- TASK MATERIAL
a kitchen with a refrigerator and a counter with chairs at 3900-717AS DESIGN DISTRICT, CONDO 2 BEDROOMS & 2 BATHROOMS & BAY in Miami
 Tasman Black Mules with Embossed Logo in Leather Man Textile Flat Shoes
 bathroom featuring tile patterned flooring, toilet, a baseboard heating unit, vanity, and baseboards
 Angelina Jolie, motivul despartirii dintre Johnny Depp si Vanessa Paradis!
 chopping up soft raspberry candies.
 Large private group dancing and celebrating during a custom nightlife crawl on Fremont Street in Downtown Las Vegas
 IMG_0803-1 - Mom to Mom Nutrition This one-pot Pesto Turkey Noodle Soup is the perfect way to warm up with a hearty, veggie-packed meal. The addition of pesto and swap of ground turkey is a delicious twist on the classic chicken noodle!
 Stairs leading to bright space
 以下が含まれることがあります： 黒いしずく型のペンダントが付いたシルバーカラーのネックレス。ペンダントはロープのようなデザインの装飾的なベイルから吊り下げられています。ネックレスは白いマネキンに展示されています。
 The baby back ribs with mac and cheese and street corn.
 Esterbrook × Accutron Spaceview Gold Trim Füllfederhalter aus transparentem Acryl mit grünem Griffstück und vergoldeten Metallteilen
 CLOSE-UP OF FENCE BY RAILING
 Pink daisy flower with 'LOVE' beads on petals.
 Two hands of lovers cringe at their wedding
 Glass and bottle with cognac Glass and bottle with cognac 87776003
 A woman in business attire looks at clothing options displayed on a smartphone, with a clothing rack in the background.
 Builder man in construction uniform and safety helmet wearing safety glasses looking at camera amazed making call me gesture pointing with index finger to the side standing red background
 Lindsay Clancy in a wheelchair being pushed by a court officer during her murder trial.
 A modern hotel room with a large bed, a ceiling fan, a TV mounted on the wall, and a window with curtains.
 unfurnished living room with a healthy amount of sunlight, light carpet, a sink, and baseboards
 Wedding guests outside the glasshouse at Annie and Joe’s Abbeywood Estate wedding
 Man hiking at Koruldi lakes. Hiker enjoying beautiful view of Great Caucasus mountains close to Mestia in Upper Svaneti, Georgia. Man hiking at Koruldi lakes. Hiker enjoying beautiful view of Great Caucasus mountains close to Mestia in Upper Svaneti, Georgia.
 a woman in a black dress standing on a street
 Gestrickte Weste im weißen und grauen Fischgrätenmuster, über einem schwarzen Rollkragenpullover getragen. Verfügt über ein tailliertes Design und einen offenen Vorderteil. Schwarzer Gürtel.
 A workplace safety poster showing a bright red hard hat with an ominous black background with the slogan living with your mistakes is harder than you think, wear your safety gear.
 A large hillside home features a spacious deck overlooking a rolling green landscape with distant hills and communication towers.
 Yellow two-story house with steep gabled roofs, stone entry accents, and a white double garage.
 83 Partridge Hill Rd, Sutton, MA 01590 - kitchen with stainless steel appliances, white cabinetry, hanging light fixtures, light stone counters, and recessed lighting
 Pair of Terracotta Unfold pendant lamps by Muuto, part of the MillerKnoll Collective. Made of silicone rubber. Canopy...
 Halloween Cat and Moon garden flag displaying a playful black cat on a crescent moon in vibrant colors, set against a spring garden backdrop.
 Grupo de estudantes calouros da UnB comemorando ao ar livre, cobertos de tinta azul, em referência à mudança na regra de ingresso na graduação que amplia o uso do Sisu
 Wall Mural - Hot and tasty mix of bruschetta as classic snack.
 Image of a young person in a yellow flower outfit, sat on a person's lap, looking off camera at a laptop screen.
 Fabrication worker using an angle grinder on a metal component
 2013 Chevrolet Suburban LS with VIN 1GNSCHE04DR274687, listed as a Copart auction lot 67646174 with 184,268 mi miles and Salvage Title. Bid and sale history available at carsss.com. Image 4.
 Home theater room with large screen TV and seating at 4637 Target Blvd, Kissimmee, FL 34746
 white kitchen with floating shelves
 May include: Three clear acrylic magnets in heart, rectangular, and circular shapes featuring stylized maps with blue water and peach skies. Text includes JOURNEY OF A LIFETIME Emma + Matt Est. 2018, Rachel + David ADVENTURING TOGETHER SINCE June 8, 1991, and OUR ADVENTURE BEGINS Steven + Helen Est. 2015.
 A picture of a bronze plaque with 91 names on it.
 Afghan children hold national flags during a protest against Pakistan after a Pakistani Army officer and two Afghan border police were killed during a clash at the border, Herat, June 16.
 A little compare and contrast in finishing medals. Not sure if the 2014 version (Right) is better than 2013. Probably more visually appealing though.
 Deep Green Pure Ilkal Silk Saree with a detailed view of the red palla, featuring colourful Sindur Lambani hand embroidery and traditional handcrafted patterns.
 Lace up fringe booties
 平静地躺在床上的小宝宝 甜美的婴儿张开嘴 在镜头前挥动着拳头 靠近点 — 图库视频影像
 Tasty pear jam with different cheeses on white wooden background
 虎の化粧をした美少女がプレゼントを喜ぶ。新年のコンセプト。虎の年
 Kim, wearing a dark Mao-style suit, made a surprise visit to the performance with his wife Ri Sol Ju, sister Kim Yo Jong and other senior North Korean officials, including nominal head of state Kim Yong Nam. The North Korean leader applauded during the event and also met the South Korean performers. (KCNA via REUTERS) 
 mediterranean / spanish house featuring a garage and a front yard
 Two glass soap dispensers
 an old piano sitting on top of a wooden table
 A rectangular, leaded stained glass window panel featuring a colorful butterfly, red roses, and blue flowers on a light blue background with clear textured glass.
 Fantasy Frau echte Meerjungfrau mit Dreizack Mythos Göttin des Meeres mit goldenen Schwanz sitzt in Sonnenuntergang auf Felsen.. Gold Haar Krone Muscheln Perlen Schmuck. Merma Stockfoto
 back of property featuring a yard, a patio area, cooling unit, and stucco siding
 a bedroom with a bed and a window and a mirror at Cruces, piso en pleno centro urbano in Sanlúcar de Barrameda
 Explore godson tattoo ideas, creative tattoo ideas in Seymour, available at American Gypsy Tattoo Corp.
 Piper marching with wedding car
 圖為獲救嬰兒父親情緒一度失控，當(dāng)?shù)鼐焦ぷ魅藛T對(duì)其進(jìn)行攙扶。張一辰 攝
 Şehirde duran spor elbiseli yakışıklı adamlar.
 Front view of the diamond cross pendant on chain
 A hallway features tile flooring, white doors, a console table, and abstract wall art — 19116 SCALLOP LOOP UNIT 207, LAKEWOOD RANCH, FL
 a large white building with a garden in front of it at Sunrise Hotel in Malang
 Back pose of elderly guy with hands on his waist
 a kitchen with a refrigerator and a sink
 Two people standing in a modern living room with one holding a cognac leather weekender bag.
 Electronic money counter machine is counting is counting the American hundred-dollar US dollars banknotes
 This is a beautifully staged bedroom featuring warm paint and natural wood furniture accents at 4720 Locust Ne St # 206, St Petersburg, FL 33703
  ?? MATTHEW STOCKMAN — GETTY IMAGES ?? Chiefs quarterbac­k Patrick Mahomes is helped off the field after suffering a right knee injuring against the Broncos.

- EXERCISE REQUIREMENTS
Using the records above, output exactly the lines from the first through the line that contains "Wedding guests outside", with both of those included.

- RESULT OF THE TASK
a kitchen with a refrigerator and a counter with chairs at 3900-717AS DESIGN DISTRICT, CONDO 2 BEDROOMS & 2 BATHROOMS & BAY in Miami
 Tasman Black Mules with Embossed Logo in Leather Man Textile Flat Shoes
 bathroom featuring tile patterned flooring, toilet, a baseboard heating unit, vanity, and baseboards
 Angelina Jolie, motivul despartirii dintre Johnny Depp si Vanessa Paradis!
 chopping up soft raspberry candies.
 Large private group dancing and celebrating during a custom nightlife crawl on Fremont Street in Downtown Las Vegas
 IMG_0803-1 - Mom to Mom Nutrition This one-pot Pesto Turkey Noodle Soup is the perfect way to warm up with a hearty, veggie-packed meal. The addition of pesto and swap of ground turkey is a delicious twist on the classic chicken noodle!
 Stairs leading to bright space
 以下が含まれることがあります： 黒いしずく型のペンダントが付いたシルバーカラーのネックレス。ペンダントはロープのようなデザインの装飾的なベイルから吊り下げられています。ネックレスは白いマネキンに展示されています。
 The baby back ribs with mac and cheese and street corn.
 Esterbrook × Accutron Spaceview Gold Trim Füllfederhalter aus transparentem Acryl mit grünem Griffstück und vergoldeten Metallteilen
 CLOSE-UP OF FENCE BY RAILING
 Pink daisy flower with 'LOVE' beads on petals.
 Two hands of lovers cringe at their wedding
 Glass and bottle with cognac Glass and bottle with cognac 87776003
 A woman in business attire looks at clothing options displayed on a smartphone, with a clothing rack in the background.
 Builder man in construction uniform and safety helmet wearing safety glasses looking at camera amazed making call me gesture pointing with index finger to the side standing red background
 Lindsay Clancy in a wheelchair being pushed by a court officer during her murder trial.
 A modern hotel room with a large bed, a ceiling fan, a TV mounted on the wall, and a window with curtains.
 unfurnished living room with a healthy amount of sunlight, light carpet, a sink, and baseboards
 Wedding guests outside the glasshouse at Annie and Joe’s Abbeywood Estate wedding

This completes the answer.